** Problem details **
Your answer must be the full set of records, copied exactly, with no pictures in it.

** Input data **

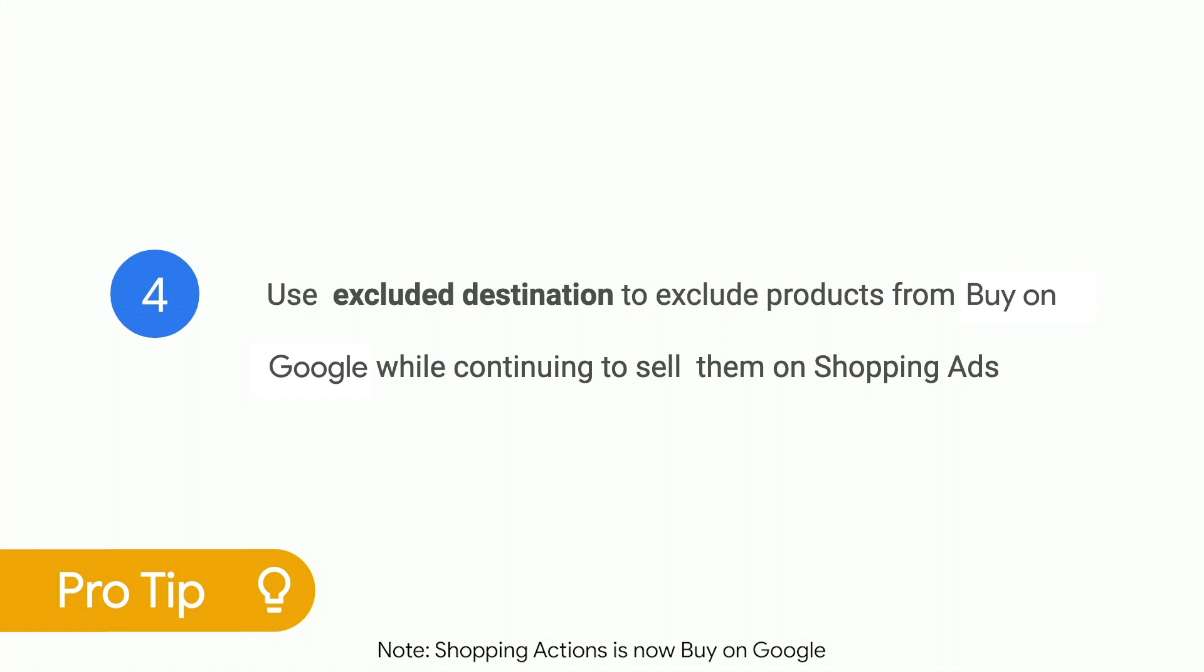Number four, use the excluded destination attribute instead of out of stock if you want to exclude products from shopping actions while continuing to sell them on shopping ads. If you're not selling the product anymore, remove it completely from your feed.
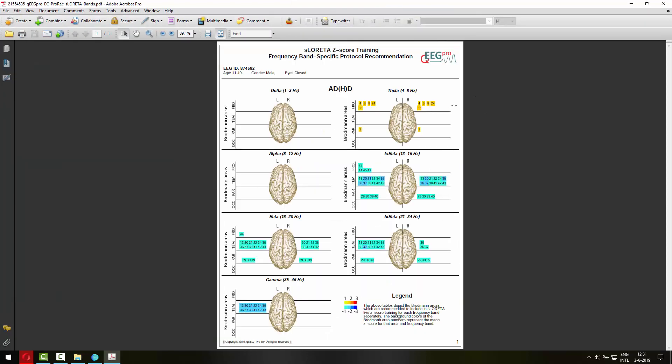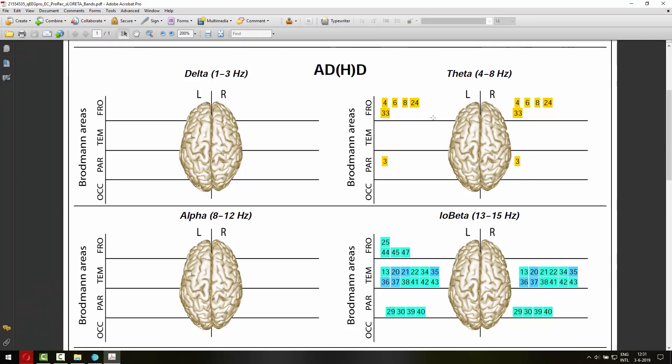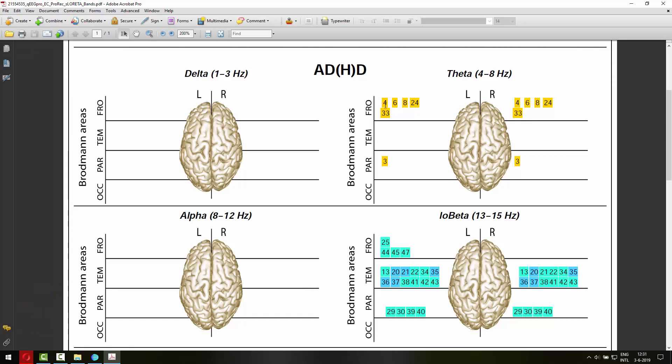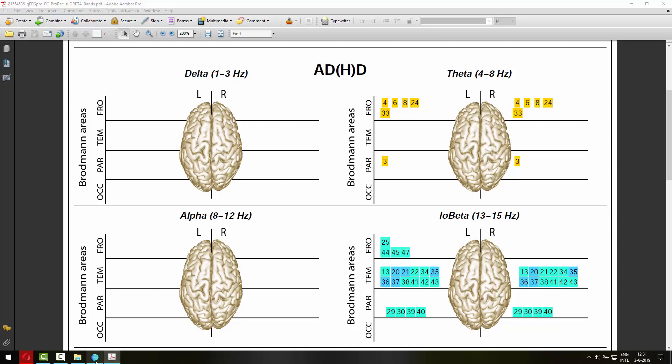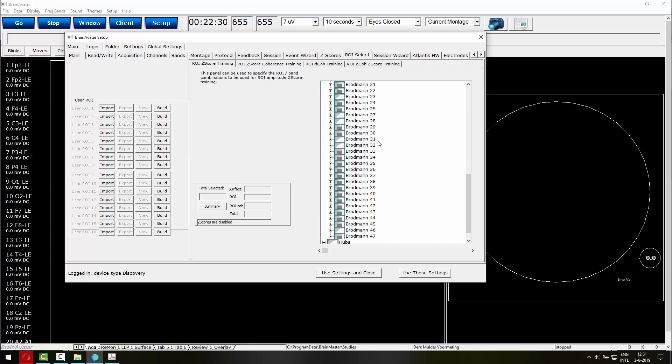So let's focus on Theta for example. You can see that Broadman area 4, 6, 8, 24 and 33 are recommended to include in the Brain Avatar live Z-Score training, both on the left and the right side. So if you go to the Brain Avatar software, you can see that Broadman area 3 on the left for Theta is selected and on the right as well.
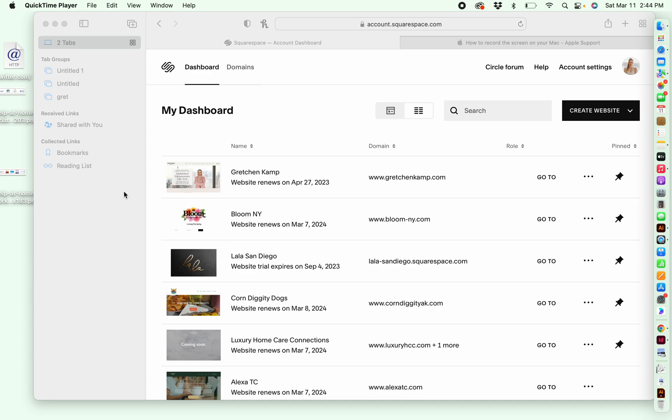This video will show you how to use your calendar and create events in Squarespace. So first you're going to go to squarespace.com and then once you've logged in, your dashboard should look something like this.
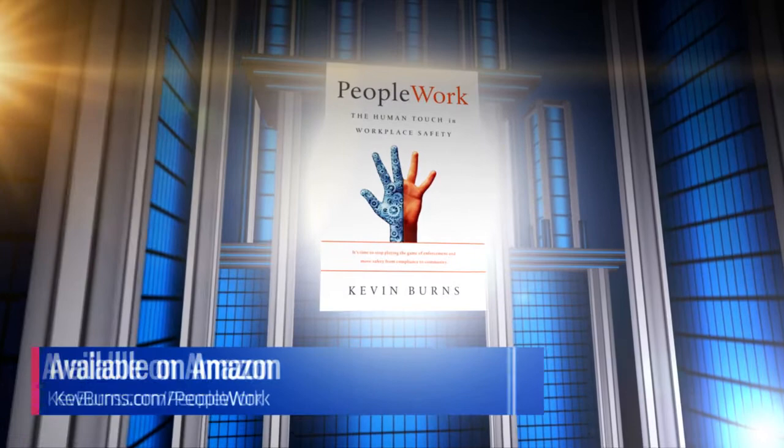PeopleWork, the human touch in workplace safety. Available everywhere on Amazon. To learn more, go to kevburns.com slash peoplework.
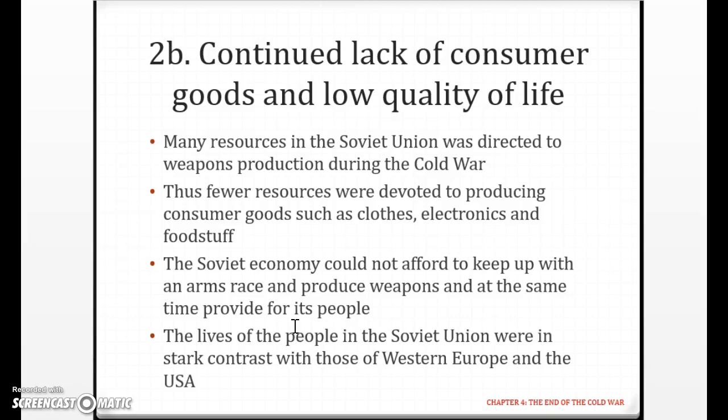Why are we under communism? Why do I not have a phone when everybody in the Western world has an iPhone? Consumer products such as clothes, electronics, and foodstuff were very much fewer because resources in the Soviet Union were directed to weapons production during the Cold War. Now, for every country the amount of money is fixed — I've mentioned this before in the Hitler's chapter. You cannot increase the amount of money in a country simply because you want to, even as the government.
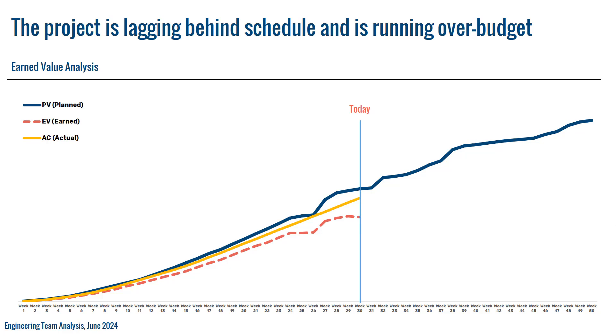In today's video, we will focus on creating real-time earned value analysis charts using Microsoft Excel. Before we get started creating an earned value chart as you see on your screen, let's define what earned value analysis is and how it contributes to successful project management.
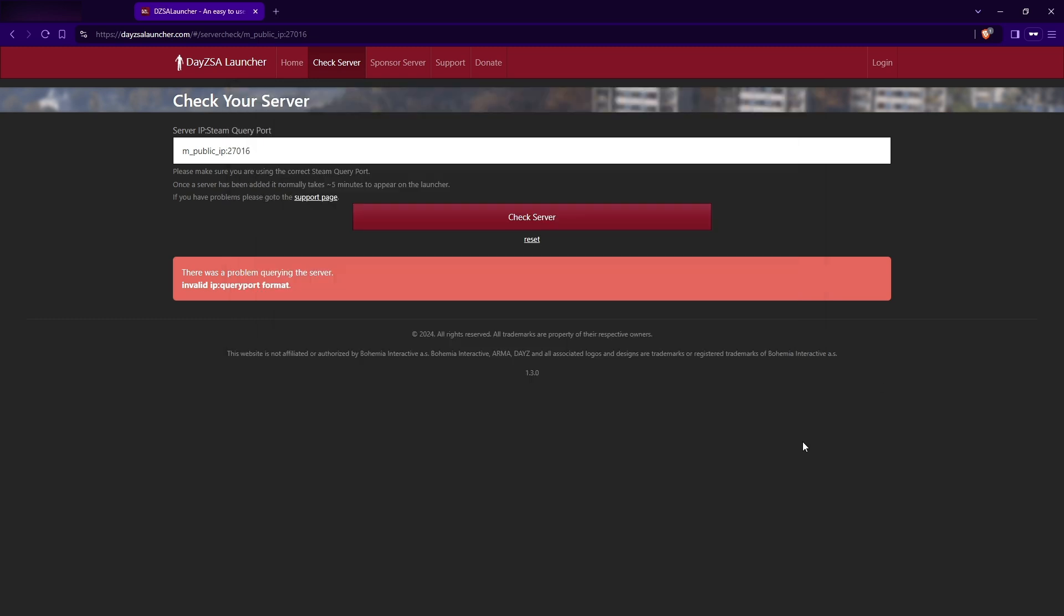That's how you port forward your DayZ server. Thank you for watching. See ya.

** Result of the exercise **
Number four, use the excluded destination attribute instead of out of stock if you want to exclude products from shopping actions while continuing to sell them on shopping ads. If you're not selling the product anymore, remove it completely from your feed.
So let's focus on Theta for example. You can see that Broadman area 4, 6, 8, 24 and 33 are recommended to include in the Brain Avatar live Z-Score training, both on the left and the right side. So if you go to the Brain Avatar software, you can see that Broadman area 3 on the left for Theta is selected and on the right as well.
This video will show you how to use your calendar and create events in Squarespace. So first you're going to go to squarespace.com and then once you've logged in, your dashboard should look something like this.
PeopleWork, the human touch in workplace safety. Available everywhere on Amazon. To learn more, go to kevburns.com slash peoplework.
Why are we under communism? Why do I not have a phone when everybody in the Western world has an iPhone? Consumer products such as clothes, electronics, and foodstuff were very much fewer because resources in the Soviet Union were directed to weapons production during the Cold War. Now, for every country the amount of money is fixed — I've mentioned this before in the Hitler's chapter. You cannot increase the amount of money in a country simply because you want to, even as the government.
In today's video, we will focus on creating real-time earned value analysis charts using Microsoft Excel. Before we get started creating an earned value chart as you see on your screen, let's define what earned value analysis is and how it contributes to successful project management.
That's how you port forward your DayZ server. Thank you for watching. See ya.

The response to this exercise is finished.